Brendon Cronenberg’s new film “Infinity Pool” is his another striking piece of work which is not only perversely provocative but also gruesomely violent. Like his previous film “Possessor” (2020), it often unsettles us a lot via a series of very disturbing moments of violence and madness, but it still engages and fascinates us under his skillful direction, and the overall result surely confirms that Cronenberg is indeed a talented filmmaker which may have his own genre territory just like his famous filmmaker father David Cronenberg.
At first, we are introduced to James (Alexander Skarsgård) and Em (Cleopatra Coleman), a young married couple enjoying their luxurious summer vacation at a resort located in the seaside area of some fictional Eastern European country. Nothing much has happened around them and many other guests, but we cannot help but observe how insular and isolated the resort really is. For their safety, the guests are not allowed to go outside the resort and its surrounding area which is heavily guarded to say the least, and we come to gather that they are not so welcomed much by those local people out there.
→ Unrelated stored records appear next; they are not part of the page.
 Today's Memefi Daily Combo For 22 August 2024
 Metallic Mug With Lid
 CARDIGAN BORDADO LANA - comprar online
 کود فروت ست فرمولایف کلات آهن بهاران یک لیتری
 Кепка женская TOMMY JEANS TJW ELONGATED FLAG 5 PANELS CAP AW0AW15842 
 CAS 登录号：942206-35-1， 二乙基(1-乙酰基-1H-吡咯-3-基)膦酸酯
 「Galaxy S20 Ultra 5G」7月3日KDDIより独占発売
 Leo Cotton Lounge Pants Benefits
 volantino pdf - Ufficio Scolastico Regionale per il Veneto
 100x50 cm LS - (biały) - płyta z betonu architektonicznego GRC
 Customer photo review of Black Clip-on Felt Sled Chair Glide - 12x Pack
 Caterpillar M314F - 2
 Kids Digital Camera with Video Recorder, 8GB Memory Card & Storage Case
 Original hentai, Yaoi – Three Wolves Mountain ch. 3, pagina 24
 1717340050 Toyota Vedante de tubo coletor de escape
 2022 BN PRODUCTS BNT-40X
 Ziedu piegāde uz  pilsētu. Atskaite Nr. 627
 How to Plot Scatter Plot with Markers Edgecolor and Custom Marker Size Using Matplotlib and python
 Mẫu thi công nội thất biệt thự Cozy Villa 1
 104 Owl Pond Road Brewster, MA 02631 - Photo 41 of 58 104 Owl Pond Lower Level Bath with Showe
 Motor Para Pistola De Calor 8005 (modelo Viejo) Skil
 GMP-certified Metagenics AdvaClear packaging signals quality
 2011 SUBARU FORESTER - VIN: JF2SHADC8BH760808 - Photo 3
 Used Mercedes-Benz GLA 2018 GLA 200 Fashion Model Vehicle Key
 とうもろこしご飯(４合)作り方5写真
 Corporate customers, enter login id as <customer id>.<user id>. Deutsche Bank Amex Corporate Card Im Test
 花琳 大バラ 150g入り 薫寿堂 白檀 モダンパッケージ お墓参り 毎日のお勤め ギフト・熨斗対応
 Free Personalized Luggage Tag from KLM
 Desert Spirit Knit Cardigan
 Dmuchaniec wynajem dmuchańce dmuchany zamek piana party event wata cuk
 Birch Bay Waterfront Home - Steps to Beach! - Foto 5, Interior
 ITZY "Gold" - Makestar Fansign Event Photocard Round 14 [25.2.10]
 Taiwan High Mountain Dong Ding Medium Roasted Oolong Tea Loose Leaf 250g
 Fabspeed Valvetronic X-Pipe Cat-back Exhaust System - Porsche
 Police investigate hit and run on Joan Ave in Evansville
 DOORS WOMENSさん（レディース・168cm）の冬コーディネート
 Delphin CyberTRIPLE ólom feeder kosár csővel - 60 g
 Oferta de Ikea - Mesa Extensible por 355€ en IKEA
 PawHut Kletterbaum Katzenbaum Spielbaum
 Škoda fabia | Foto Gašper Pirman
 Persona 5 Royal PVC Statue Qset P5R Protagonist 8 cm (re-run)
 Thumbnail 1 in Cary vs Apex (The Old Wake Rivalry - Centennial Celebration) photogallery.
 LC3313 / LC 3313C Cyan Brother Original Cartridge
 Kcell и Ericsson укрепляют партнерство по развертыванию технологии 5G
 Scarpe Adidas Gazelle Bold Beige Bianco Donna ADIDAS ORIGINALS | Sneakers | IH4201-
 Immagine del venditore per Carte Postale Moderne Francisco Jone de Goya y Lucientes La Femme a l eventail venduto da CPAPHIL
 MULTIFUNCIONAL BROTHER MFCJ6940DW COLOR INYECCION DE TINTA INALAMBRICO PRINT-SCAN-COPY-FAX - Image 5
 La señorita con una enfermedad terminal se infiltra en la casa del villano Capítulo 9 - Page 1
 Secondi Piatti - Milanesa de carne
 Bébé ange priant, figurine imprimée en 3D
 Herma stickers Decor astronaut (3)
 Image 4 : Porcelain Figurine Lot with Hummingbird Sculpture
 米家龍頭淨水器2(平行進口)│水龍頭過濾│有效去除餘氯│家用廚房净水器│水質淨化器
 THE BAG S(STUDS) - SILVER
When James and Em later happen to get themselves involved with a young woman named Gabi (Mia Goth) and her older husband, we get to know a bit more about James. Although he published his first novel several years ago, he still does not know what to write next while going nowhere in his supposedly promising career, and it is clear that he feels rather ashamed about how he has depended a lot on his wife, whose father is incidentally the owner of the company which published his first novel.
Anyway, Gabi and her husband suggest that Em and James should have some fun time with them outside the resort, and James and Em eventually go outside along with Gabi and her husband despite their reservation. While these four people are spending some time at a remote place, Gabi suddenly approaches to James when he happens to be alone for a little private business of his at one point, and he soon finds himself in a very embarrassing situation because of what Gabi commits without any hesitation.
However, that turns out to be almost nothing compared to another sudden trouble happening to James and others not long after that. While driving them back to the resort in the middle of the night, James, who happens to be considerably drunk, inadvertently hits some local person on the road, and he is thrown into more panic and fear when he is subsequently arrested by the local police on the next day. According to the local law, he must be executed even though his act of manslaughter was completely accidental, and it seems that there is no way out for him no matter how much he protests.
However, it turns out that there is actually a legal loophole ready for those unfortunate foreign people like him. All James and Em will have to do is paying enough for getting him cloned somehow, and the resulting clone, who is identical to him not only physically but also mentally, will be promptly executed instead as watched by him and several other people including the family members of the victim.
Once the execution is done, James and Em are ready to leave as soon as possible, but, what do you know, James finds himself stuck in the resort due to a small problem with his passport, and then he gets himself involved more with Gabi and her husband and their “special” group. They all had that weird experience of getting themselves cloned for not getting executed, and they are quite ready to make James embrace their depraved lifestyle which is probably resulted from how they have been able to get away with murder more than once.
While understandably reluctant at first, James slowly lets himself tumble into more depravity and debauchery along with his new friends, and the movie throws shocking moments of cruelty and violence to us. Totally free from their legal comeuppance, James’ new friends are willing to do whatever they are pleased to do right now, and they come to look more like monstrous humanoids instead of real human beings. At one point, they commit a heinous act of home invasion just for their twisted fun, and then they kill several persons as a result, but, of course, they soon get freed as their clones are quickly executed.
The movie begins to spin its wheels during the last act, but Cronenberg continues to generate more discomfort and nervousness along the story. There are several psychedelic hallucinogenic moments which powerfully reflect James’ growing confusion and implosion, and everything eventually culminates to a loony bloody moment as he is coerced to go through a sort of transformative act by Gabi and her gangs. Thanks to Alexander Skarsgård’s committed acting, this moment is delivered with full dramatic impact, and Mia Goth, who is no stranger to violent horror films considering her breakout performance in Ti West’s “X” (2022) and “Pearl” (2022), delightfully chews every moment of hers in the film while Cleopatra Coleman is unfortunately under-utilized in contrast as stuck in her thankless supporting role.
Although I think it could delve deeper into its story and characters, “Infinity Pool” is still impressive mainly for its style and mood, and it will be interesting to see what Cronenberg will do next after this film. He shows his considerable potential as he previously did in “Possessor”, and I can only hope that these two films will be regarded as the preludes for better things to come from him in the future.